Premiums, leases at undervalue etc. (Schedules A and D)

80Treatment of premiums etc. as rent or Schedule D profits

(1)Where the payment of any premium is required under a lease, or otherwise under the terms subject to which a lease is granted, and the duration of the lease does not exceed fifty years, the landlord shall be treated for the purposes of the Tax Acts as becoming entitled when the lease is granted to an amount by way of rent (in addition to any actual rent) equal to the amount of the premium reduced by one-fiftieth of that amount for each complete period of twelve months (other than the first) comprised in the duration of the lease.

(2)Where the terms subject to which a lease is granted impose on the tenant an obligation to carry out any work on the premises, the lease shall be deemed for the purposes of this section to have required the payment of a premium to the landlord (in addition to any other premium) of an amount equal to the amount by which the value of the landlord's estate or interest immediately after the commencement of the lease exceeds what its then value would have been if the said terms did not impose that obligation on the tenant:

Provided that this subsection shall not apply in so far as the obligation requires the carrying out of work payment for which would, if the landlord and not the tenant were obliged to carry it out, be deductible from the rent under sections 72 to 76 above.

(3)Where, under the terms subject to which a lease is granted, a sum becomes payable by the tenant in lieu of the whole or a part of the rent for any period, or as consideration for the surrender of the lease, the lease shall be deemed for the purposes of this section to have required the payment of a premium to the landlord (in addition to any other premium) of the amount of that sum; but—

(a)in computing tax chargeable by virtue of this subsection in respect of a sum payable in lieu of rent, the duration of the lease shall be treated as not including any period other than that in relation to which the sum is payable, and

(b)notwithstanding anything in subsection (1) above, rent treated as arising by virtue of this subsection shall be deemed to become due when the sum in question becomes payable by the tenant.

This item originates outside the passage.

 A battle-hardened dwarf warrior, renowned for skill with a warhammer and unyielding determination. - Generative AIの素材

(4)Where, as consideration for the variation or waiver of any of the terms of a lease, a sum becomes payable by the tenant otherwise than by way of rent, the lease shall be deemed for the purposes of this section to have required the payment of a premium to the landlord (in addition to any other premium) of the amount of that sum ; but—

(a)in computing tax chargeable by virtue of this subsection, the duration of the lease shall be treated as not including any period which precedes the time at which the variation or waiver takes effect, or falls after the time at which it ceases to have effect, and

(b)notwithstanding anything in subsection (1) above, rent treated as arising by virtue of this subsection shall be deemed to become due when the contract providing for the variation or waiver is entered into.

(5)Where a payment falling within subsection (1), (3) or (4) above is due to a person other than the landlord, no charge to tax shall arise under that subsection, but any amount which would otherwise fall to be treated as rent shall be treated as profits or gains of that other person chargeable under Case VI of Schedule D:

Provided that where the amount relates to a payment falling within subsection (4) above, it shall not be so treated unless the payment is due to a person who is, within the terms of section 533 of this Act, connected with the landlord.

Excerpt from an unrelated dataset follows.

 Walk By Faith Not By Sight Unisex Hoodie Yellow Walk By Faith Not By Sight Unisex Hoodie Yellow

(6)Where an amount by reference to which a person is chargeable to tax by virtue of this section is payable by instalments, the tax chargeable by reference to that amount shall, if he makes a claim in that behalf by notice in writing not later than one year after the chargeable period in which he becomes entitled to the first such instalment, instead of being computed in accordance with the preceding provisions of this section, be computed as if each instalment were rent payable under the lease, or, in the case of instalments payable to a person other than the landlord or to a person after he has ceased to be the landlord, were profits or gains chargeable to tax under Case VI of Schedule D; and where a claim is so made, all such assessments, alterations of assessments and repayments of tax shall be made as may be necessary.

(7)Section 69(2) above shall not apply in relation to amounts which, in computing profits or gains for the purposes of Schedule A, are relevant only by virtue of this section.

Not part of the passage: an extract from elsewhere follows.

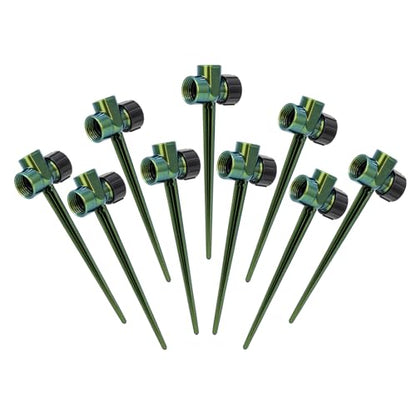RESTMO Sprinkler Stake 9 Pack Zinc Alloy Lawn Sprinkler Spike Base - size: 9 Pack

81Schedule D charge on assignment of lease granted at undervalue

(1)Where the terms subject to which a lease of a duration not exceeding fifty years was granted are such that the grantor, having regard to values prevailing at the time it was granted, and on the assumption that the negotiations for the lease were at arm's length, could have required the payment of an additional sum (hereinafter referred to as " the amount foregone ") by way of premium, or additional premium, for the grant of the lease, then, on any assignment of the lease for a consideration—

(a)where the lease has not previously been assigned, exceeding the premium (if any) for which it was granted, or

(b)where the lease has been previously assigned, exceeding the consideration for which it was last assigned,

the amount of the excess, in so far as it is not greater than the amount foregone reduced by the amount of any such excess arising on a previous assignment of the lease, shall, in the same proportion as the amount foregone would under section 80(1) above have fallen to be treated as rent if it had been a premium under the lease, be treated as profits or gains of the assignor chargeable to tax under Case VI of Schedule D.

(2)If there is submitted to the inspector, by the grantor or any assignor or assignee of the lease, a statement showing whether or not a charge to tax arises or may arise under this section and, if so, the amount on which the charge arises or may arise, then, if the inspector is satisfied as to the accuracy of the statement, he shall certify the accuracy thereof.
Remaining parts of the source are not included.